Город, победитель мира, побежден; столица Римской империи опустошена пламенем, и граждане ее бегут во все концы мира». — «Светоч мира погас, и, в одном павшем городе, погиб весь человеческий род», — пишет св. Иероним из Вифлеема в 410 году, при первом известии о взятии Рима варварскими полчищами Алариха.[97]
Плачет, почти без слов, на одном конце христианского мира, в Азии, у колыбели Христа, в Вифлееме, один из двух великих учителей Церкви, а на другом конце, в Африке, в городе Гиппоне, у Средиземного моря, колыбели христианства, другой великий учитель, в те же дни, при том же известии, не плачет, или не хочет плакать: «Слишком скорбеть не будем о погибших (в Риме), ибо радуются ныне души их, на небе, что избавились, наконец, от всех бедствий земных». — «Да и так ли уж трудно великому сердцу сохранить спокойствие, видя, как рушатся камни, падают бревна, и умирают смертные?»[98]

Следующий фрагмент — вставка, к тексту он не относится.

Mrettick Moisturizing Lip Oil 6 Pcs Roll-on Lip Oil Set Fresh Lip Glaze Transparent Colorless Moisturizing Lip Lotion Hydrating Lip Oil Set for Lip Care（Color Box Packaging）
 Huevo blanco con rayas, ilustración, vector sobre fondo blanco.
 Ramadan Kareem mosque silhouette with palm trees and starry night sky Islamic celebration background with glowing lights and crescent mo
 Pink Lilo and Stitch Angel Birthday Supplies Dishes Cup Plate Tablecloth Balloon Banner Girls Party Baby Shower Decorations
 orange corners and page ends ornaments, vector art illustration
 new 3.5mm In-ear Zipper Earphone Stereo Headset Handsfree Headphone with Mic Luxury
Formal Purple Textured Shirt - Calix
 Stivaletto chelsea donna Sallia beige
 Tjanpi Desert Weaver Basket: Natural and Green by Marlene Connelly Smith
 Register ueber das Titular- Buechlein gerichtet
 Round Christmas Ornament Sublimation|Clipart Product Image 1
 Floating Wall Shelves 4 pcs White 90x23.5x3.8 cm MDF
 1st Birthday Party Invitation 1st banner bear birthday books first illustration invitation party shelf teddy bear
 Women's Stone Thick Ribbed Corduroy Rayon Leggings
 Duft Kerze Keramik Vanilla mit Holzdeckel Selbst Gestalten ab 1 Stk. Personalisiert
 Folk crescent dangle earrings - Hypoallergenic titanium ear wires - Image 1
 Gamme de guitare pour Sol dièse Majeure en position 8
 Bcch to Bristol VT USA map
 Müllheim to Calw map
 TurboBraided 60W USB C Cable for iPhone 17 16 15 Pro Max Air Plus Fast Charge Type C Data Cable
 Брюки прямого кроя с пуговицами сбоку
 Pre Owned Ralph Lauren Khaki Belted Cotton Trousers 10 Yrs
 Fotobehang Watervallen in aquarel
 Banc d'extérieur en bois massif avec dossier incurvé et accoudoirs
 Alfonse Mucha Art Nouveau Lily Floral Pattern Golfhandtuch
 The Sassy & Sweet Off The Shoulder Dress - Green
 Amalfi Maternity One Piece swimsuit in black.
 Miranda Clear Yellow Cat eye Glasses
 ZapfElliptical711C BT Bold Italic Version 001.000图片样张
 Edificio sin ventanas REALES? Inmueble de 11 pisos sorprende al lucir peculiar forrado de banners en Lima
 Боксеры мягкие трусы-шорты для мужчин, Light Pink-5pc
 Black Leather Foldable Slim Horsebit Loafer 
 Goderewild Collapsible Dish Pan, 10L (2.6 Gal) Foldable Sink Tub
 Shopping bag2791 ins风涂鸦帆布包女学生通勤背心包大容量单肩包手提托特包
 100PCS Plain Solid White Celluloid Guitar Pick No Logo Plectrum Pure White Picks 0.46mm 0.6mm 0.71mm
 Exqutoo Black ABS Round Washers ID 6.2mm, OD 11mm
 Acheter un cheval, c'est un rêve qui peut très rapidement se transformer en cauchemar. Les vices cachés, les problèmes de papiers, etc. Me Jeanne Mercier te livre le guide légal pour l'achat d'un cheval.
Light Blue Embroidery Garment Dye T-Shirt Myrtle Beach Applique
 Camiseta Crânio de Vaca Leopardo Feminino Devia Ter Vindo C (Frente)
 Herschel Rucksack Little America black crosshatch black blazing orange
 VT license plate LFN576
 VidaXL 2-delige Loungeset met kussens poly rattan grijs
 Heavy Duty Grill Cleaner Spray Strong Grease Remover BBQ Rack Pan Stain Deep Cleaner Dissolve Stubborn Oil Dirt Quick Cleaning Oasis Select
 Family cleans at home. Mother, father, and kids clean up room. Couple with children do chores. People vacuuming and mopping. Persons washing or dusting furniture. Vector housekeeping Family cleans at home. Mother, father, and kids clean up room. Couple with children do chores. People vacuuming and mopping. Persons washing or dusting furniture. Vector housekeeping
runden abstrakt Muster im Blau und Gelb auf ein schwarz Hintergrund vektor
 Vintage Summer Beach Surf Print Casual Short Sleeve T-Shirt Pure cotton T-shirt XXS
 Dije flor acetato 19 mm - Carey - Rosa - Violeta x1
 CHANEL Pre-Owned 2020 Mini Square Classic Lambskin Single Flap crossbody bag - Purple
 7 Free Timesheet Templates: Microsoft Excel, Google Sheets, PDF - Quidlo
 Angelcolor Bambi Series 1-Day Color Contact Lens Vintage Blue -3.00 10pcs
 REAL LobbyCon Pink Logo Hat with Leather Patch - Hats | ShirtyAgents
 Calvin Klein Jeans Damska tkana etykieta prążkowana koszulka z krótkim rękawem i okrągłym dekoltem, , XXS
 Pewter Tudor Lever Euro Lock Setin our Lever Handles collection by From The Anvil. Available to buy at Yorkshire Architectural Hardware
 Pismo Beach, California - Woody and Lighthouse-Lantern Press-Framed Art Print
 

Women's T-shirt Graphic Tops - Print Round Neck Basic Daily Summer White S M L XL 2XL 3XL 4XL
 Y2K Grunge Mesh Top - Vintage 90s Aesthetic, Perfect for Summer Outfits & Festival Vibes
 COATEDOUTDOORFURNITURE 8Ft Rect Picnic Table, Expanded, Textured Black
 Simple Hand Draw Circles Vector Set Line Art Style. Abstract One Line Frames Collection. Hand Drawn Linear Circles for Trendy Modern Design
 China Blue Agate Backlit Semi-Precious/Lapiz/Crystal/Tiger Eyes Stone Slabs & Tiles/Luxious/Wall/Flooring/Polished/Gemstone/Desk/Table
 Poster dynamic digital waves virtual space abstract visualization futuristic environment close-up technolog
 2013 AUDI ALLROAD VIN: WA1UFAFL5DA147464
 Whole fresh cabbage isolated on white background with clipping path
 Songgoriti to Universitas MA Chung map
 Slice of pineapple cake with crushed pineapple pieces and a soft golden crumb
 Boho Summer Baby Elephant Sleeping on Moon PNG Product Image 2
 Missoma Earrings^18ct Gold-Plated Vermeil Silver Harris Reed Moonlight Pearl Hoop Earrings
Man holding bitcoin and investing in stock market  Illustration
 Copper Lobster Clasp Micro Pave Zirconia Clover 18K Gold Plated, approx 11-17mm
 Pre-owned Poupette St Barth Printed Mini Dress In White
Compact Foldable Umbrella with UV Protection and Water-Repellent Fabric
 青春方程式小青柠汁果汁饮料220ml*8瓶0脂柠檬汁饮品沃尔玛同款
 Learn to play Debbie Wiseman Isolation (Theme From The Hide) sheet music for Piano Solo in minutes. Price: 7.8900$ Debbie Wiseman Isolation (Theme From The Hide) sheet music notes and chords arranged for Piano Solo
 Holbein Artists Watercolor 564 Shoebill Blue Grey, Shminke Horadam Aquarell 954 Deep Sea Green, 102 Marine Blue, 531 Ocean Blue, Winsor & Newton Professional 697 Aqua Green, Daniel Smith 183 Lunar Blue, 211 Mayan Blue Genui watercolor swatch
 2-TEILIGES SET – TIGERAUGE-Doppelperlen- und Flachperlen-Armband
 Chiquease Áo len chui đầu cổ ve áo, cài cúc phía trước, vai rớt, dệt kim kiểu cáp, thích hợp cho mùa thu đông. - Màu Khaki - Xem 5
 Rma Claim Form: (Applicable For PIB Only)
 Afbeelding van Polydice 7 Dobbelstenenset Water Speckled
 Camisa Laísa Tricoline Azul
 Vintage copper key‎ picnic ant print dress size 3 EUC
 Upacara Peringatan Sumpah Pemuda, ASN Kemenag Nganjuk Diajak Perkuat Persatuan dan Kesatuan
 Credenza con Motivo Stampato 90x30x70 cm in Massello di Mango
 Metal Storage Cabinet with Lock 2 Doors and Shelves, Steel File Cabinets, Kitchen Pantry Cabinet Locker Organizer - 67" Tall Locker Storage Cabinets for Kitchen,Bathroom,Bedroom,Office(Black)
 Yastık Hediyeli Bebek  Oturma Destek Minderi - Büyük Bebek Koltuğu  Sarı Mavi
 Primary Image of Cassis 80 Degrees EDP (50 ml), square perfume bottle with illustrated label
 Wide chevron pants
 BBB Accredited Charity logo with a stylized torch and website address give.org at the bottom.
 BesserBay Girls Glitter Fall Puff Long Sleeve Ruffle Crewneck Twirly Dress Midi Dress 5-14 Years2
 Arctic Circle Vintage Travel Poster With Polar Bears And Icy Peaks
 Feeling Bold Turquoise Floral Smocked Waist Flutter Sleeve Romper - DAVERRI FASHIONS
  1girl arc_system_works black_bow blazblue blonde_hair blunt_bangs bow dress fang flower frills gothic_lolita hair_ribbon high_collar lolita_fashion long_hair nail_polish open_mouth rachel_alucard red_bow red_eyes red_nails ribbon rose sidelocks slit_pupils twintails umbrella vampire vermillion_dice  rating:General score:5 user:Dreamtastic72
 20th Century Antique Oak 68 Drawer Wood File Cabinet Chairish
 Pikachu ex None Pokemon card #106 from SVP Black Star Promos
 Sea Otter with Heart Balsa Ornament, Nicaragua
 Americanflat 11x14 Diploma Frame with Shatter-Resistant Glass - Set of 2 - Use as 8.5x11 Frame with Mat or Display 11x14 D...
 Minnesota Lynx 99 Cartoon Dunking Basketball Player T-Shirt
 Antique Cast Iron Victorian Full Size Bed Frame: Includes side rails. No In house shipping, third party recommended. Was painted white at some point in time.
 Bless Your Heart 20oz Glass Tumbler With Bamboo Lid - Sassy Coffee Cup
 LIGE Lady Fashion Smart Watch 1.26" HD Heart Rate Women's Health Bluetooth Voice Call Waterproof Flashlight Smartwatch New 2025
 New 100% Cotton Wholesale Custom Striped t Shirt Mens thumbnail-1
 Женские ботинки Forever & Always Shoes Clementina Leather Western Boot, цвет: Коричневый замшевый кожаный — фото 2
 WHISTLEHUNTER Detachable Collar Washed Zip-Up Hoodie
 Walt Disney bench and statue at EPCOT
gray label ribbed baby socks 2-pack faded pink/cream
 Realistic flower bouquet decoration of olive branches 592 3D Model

Но это спокойствие, кажется, только наружное, — ответ закоренелым язычникам, хорошо помнящим недавние дни Юлиана Отступника и, может быть, тут же, в Гиппонской базилике, в толпе Августиновых слушателей, шепчущих злорадно: «Уж лучше бы он о Риме молчал! О sui taceat de Roma!.. Все эти бедствия миновали бы нас, если бы все еще приносились жертвы богам».[99] Кажется, это спокойствие есть разумный ответ не только язычникам, но и малодушным христианам, слишком поверившим безумному горю св. Иеронима: «Весь род человеческий погиб в одном городе». Знает, может быть, и Августин, что значит для мира падение Рима, и слезы его, остановившиеся в горле, может быть, горячее пролитых слез Иеронима.
«Пал, пал Вавилон, Великая Блудница!» — «Возрадуемся и возвеселимся!» — этого, во всяком случае, уже не повторил бы, с тайновидцем Патмоса, ни тот, ни другой; «будем молиться, да приидет Господь и разрушит мир», — не повторили бы они, и с Оригеном, этого::[100] надо еще миру долго быть, — это они уже поняли оба, и оба, вероятно, согласились бы с Павлом: «Ныне вы знаете, что не допускает открыться ему (Антихристу)… ибо тайна беззакония уже совершается; но не совершится, доколе удерживающий, ho katechon, не будет взят от среды» (II Фее. 2, 6–7). Этот неназванный, таинственный, «Удерживающий», — по обычному толкованию, не кто иной, как миродержавный, некогда языческий, а ныне христианский, Рим. Вот почему конец Рима для обоих есть первый шаг к кончине мира.
II
Знает Августин, — знаем и мы сейчас, что значит родиться если не в конце мира, то в конце одного из миров, — в щели Истории, между двумя веками-зонами, двумя жерновами мелющими, — между тем, что еще не умерло, и тем, что еще не родилось, — двумя кругами той восходящей или нисходящей лестницы, которую мы называем «мировым развитием», «эволюцией»; что значит родиться перед «Нашествием варваров». Этим-то Августин и близок нам, ближе, может быть, всех святых, после Павла, жившего и умершего в еще более тесной щели между веками-зонами, перед еще более грозным Концом.[101]
III
Близок нам Августин и другою мукою: он — такой же и тем же на смерть раненый или ранивший себя, как мы. «Вера, ищущая разума», по слову св. Фомы Аквинского, «противоположного близнеца» его и продолжателя, — вот общая рана, его и наша.[102]
«Я не верил бы, если бы не думал (разумом не понимал), что надо верить», — скажет Фома Аквинский, и Августин мог бы сказать.[103]
Поняли оба, или думают, что поняли, почему Господь не сказал: «истину почувствуете», а сказал: «познаете истину». Вера для них обоих есть пережитая сердцем истина разума. «Вера ни в чем не может противоречить разуму», — думает Фома, и Августин думает так же.[104]